## Task description
Please restate the entries verbatim. The copy should hold no pictures.

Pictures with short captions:
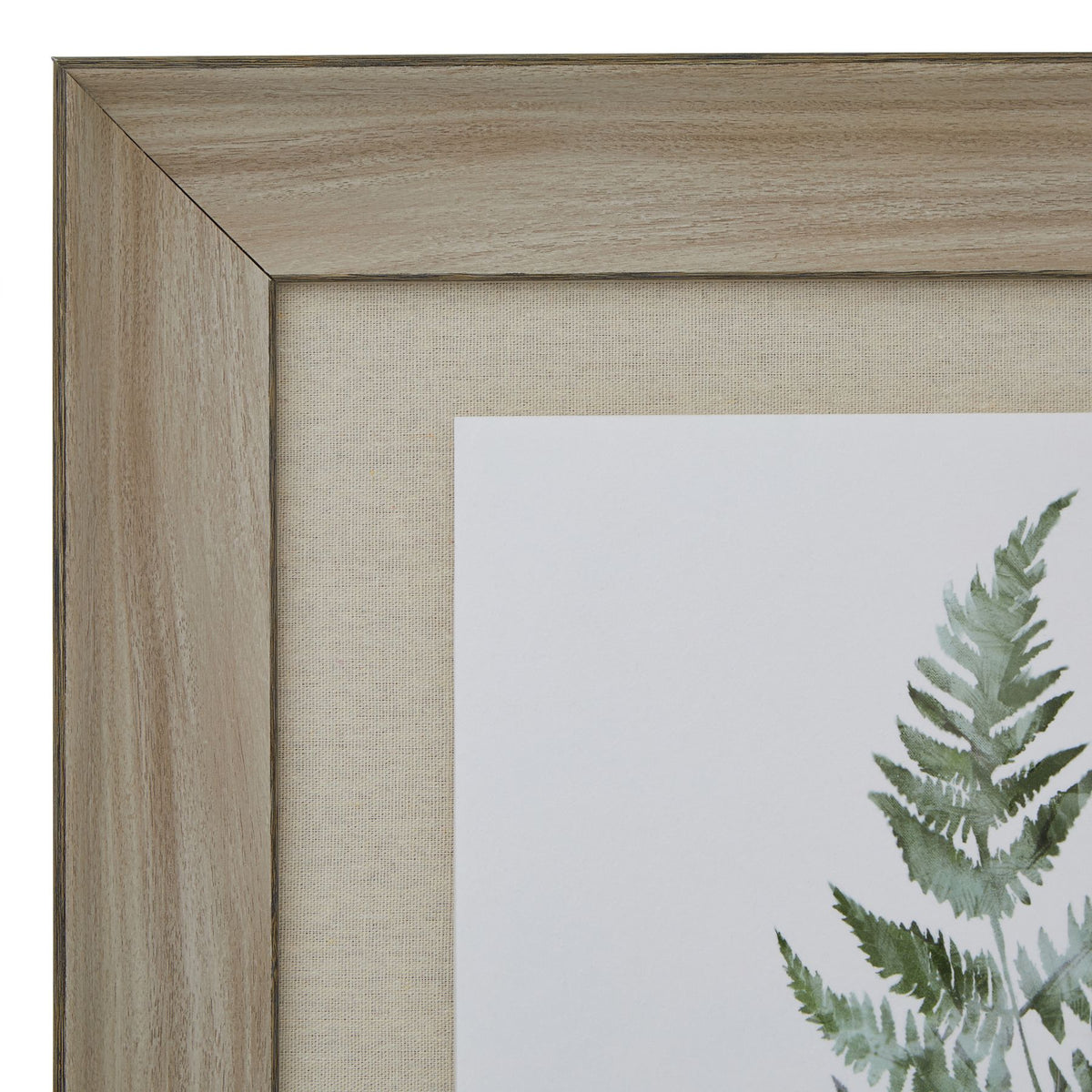Watercolour Bracken Fern in Washed Wood Frame - view 2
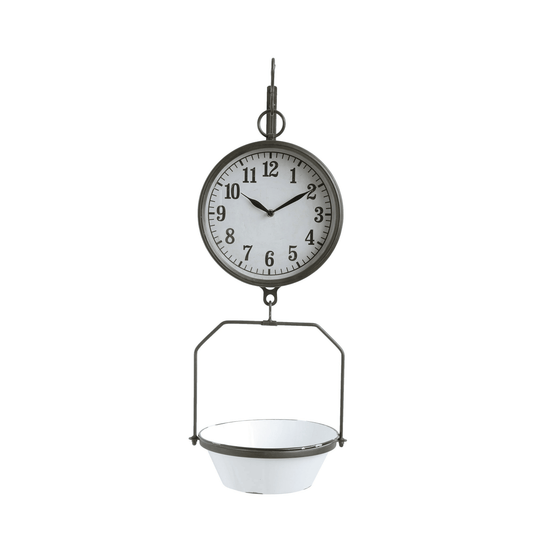 Woven Paths White Decorative Reproduction Scale Wall Clock EasyOptionXY LLC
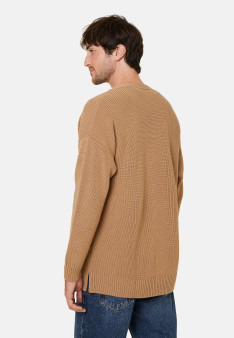 Loose buttoned cardigan with logo in merino wool - Frederic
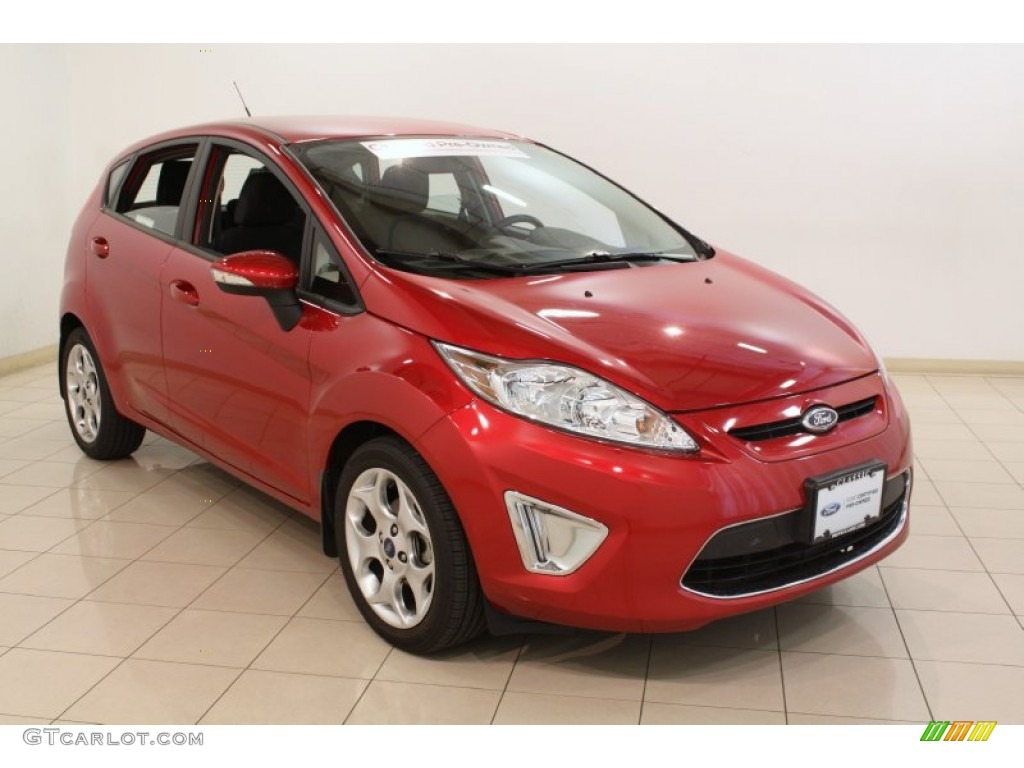 2012 Fiesta SES Hatchback - Red Candy Metallic / Charcoal Black photo #1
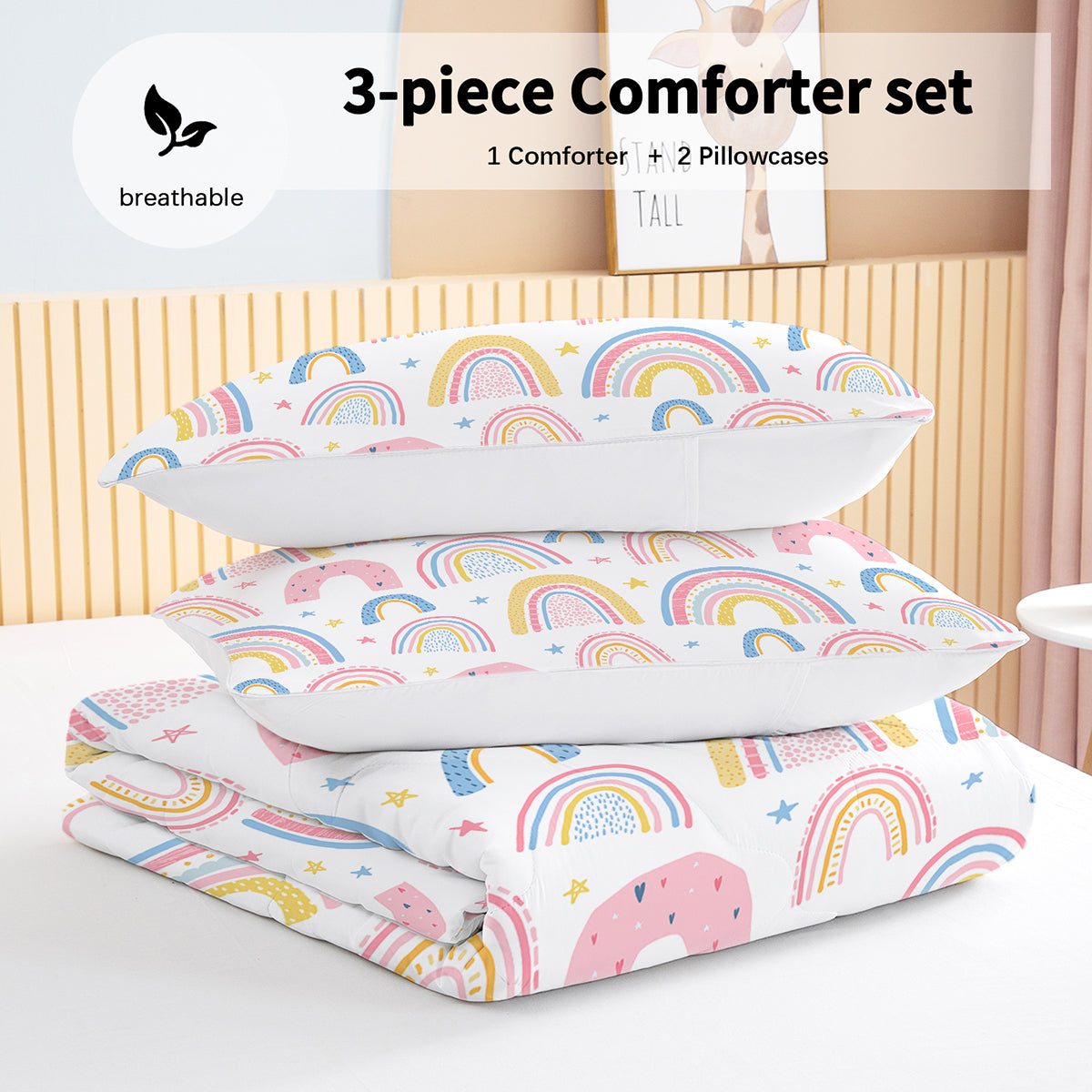 Rainbow Pattern Comforter Set For Women Pink And Yellow Rainbow Star Comforter 3 Piece With 2 Pillow Shams 1 Comforter And 2 Pillow Shams  Twin Full Queen King Size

## Expected answer
Watercolour Bracken Fern in Washed Wood Frame - view 2
 Woven Paths White Decorative Reproduction Scale Wall Clock EasyOptionXY LLC
 Loose buttoned cardigan with logo in merino wool - Frederic
 2012 Fiesta SES Hatchback - Red Candy Metallic / Charcoal Black photo #1
 Rainbow Pattern Comforter Set For Women Pink And Yellow Rainbow Star Comforter 3 Piece With 2 Pillow Shams 1 Comforter And 2 Pillow Shams  Twin Full Queen King Size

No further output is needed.